The records below must be transcribed exactly, with each picture left out.

Pictures with short captions:

[Start of Attachment]

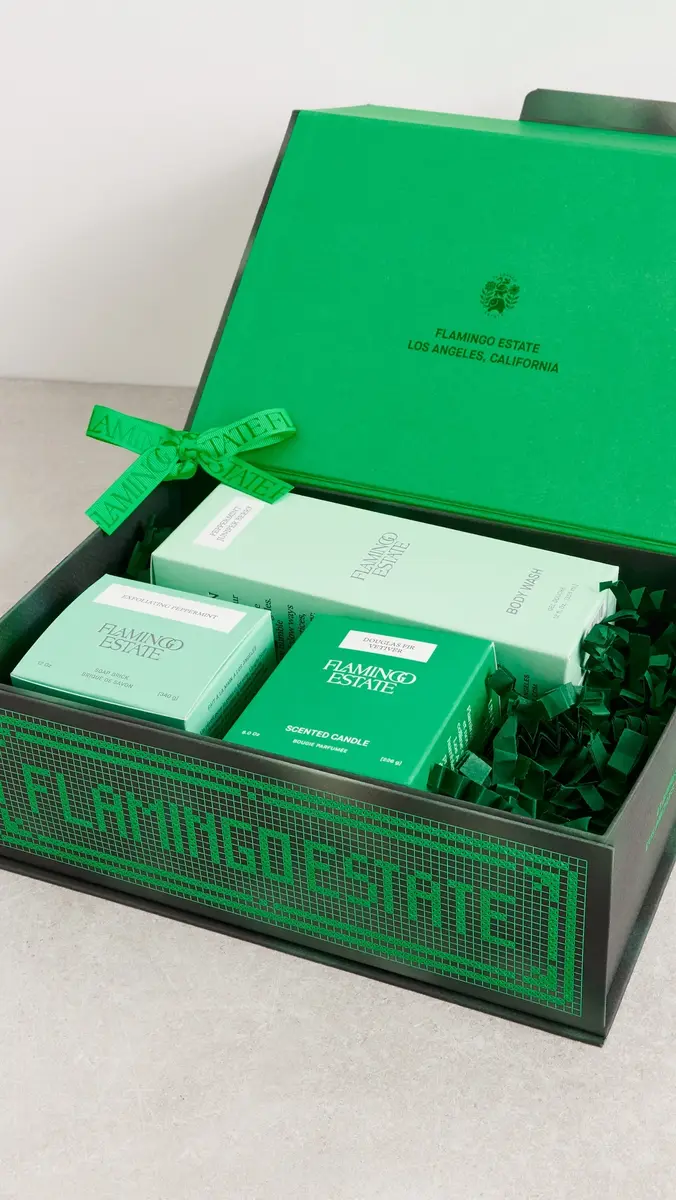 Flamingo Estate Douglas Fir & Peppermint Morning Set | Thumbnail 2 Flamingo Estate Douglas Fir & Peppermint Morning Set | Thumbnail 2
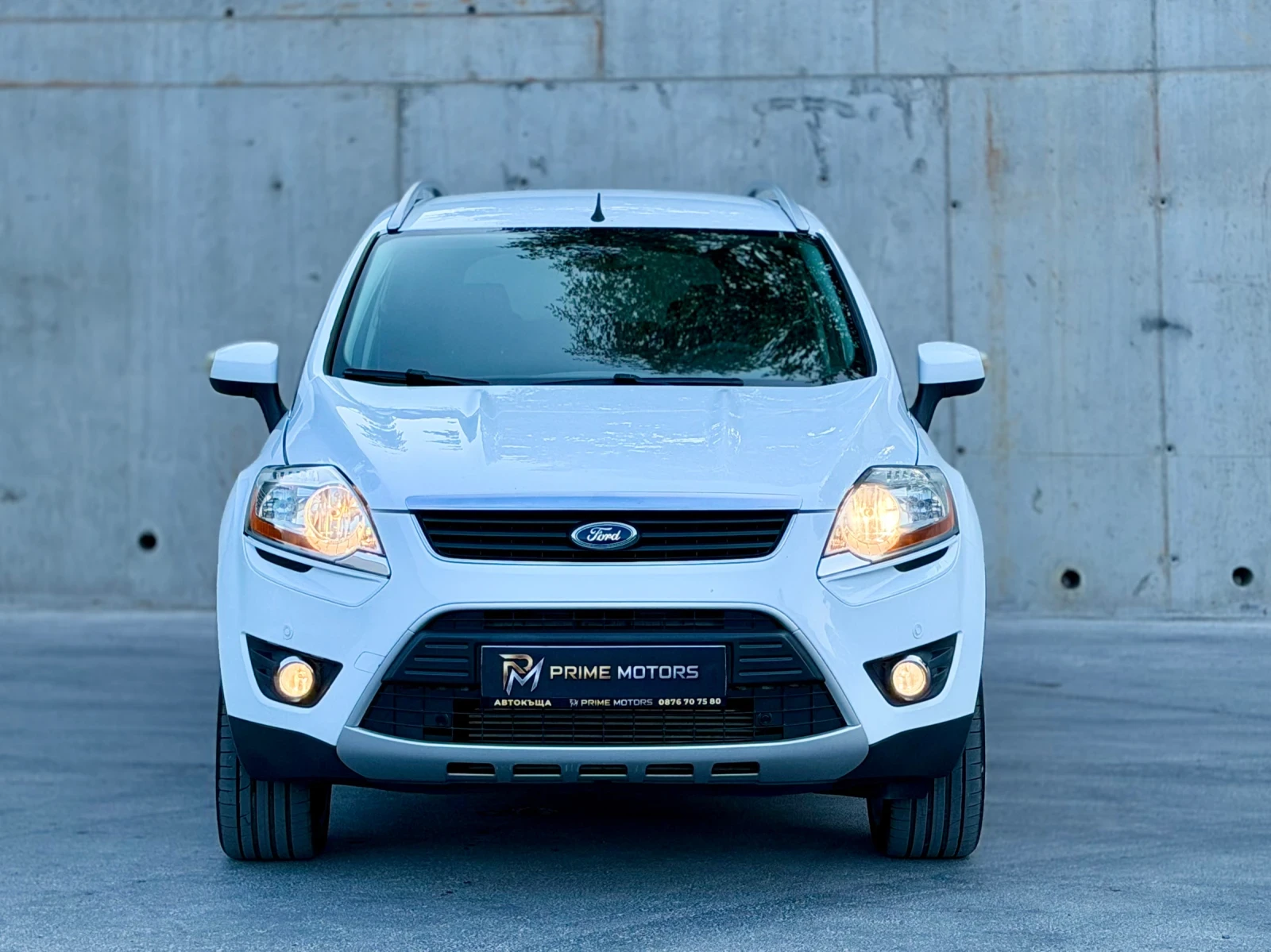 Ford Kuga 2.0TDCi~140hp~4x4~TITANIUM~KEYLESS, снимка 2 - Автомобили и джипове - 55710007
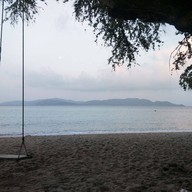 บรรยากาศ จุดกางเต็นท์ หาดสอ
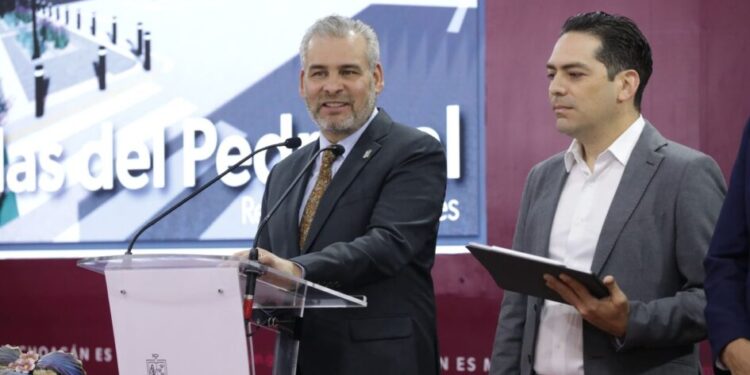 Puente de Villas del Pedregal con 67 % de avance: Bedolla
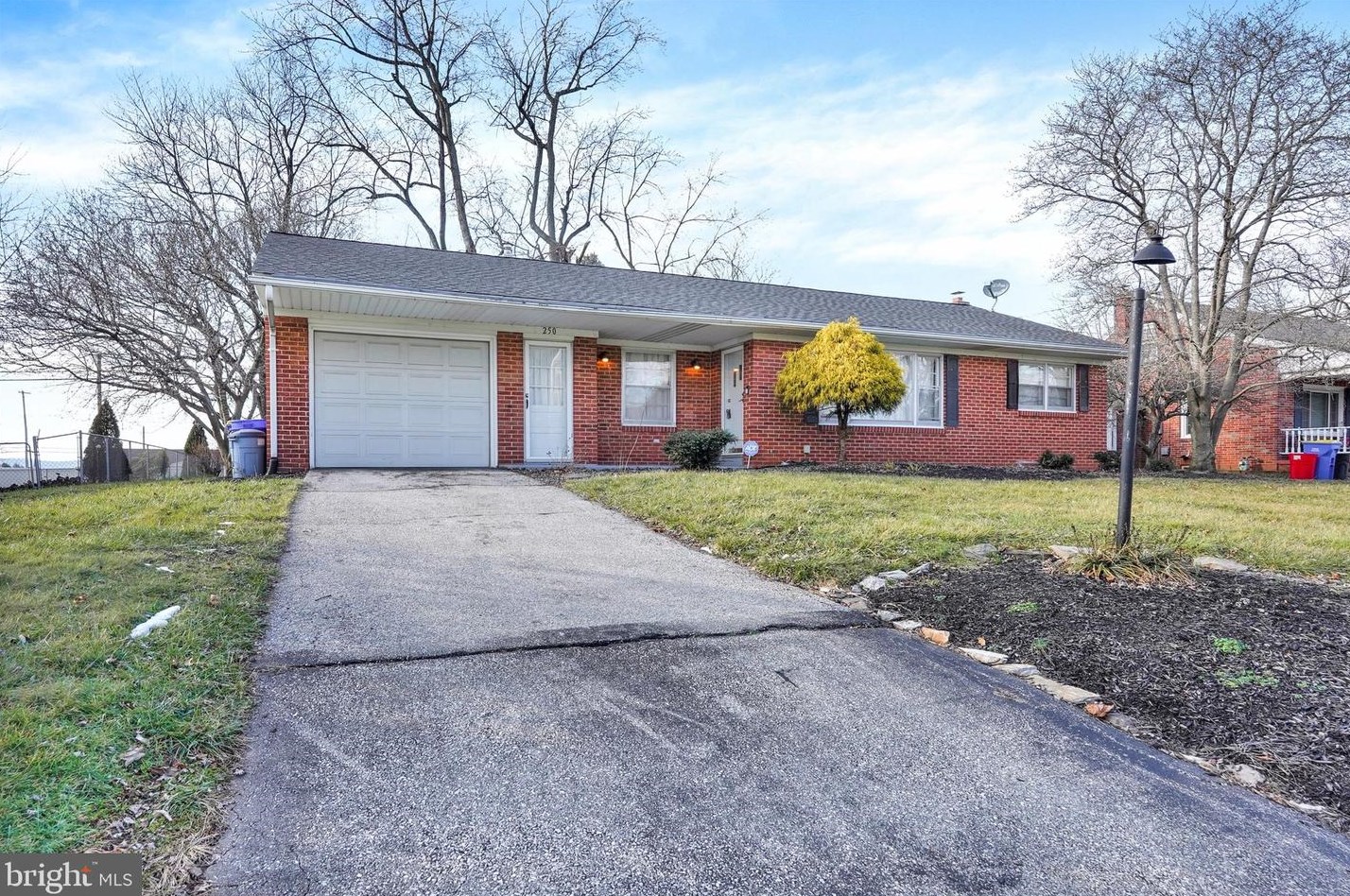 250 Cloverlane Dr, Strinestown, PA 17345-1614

[End of Attachment]

Answer to the exercise:
 Flamingo Estate Douglas Fir & Peppermint Morning Set | Thumbnail 2 Flamingo Estate Douglas Fir & Peppermint Morning Set | Thumbnail 2
 Ford Kuga 2.0TDCi~140hp~4x4~TITANIUM~KEYLESS, снимка 2 - Автомобили и джипове - 55710007
 บรรยากาศ จุดกางเต็นท์ หาดสอ
 Puente de Villas del Pedregal con 67 % de avance: Bedolla
 250 Cloverlane Dr, Strinestown, PA 17345-1614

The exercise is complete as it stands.